Given records ::
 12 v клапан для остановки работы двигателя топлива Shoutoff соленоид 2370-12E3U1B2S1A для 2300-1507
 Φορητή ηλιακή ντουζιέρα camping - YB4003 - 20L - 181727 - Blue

* * *

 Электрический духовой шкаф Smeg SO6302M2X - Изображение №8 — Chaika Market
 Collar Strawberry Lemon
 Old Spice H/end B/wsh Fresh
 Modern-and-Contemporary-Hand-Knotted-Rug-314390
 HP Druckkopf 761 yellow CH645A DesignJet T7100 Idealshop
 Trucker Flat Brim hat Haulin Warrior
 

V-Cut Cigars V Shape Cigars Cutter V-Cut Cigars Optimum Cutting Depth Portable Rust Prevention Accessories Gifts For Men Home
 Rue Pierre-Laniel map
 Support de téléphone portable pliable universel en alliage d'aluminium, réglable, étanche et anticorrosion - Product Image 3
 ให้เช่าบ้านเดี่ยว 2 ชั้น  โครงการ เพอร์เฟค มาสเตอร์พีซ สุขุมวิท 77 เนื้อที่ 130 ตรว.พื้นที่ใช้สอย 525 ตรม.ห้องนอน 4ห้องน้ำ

What is needed :: Among the entries above, locate the lines containing "12 v клапан" and "Φορητή ηλιακή ντουζιέρα", and transcribe exactly those two lines and all lines between.

Response to this exercise ::
 12 v клапан для остановки работы двигателя топлива Shoutoff соленоид 2370-12E3U1B2S1A для 2300-1507
 Φορητή ηλιακή ντουζιέρα camping - YB4003 - 20L - 181727 - Blue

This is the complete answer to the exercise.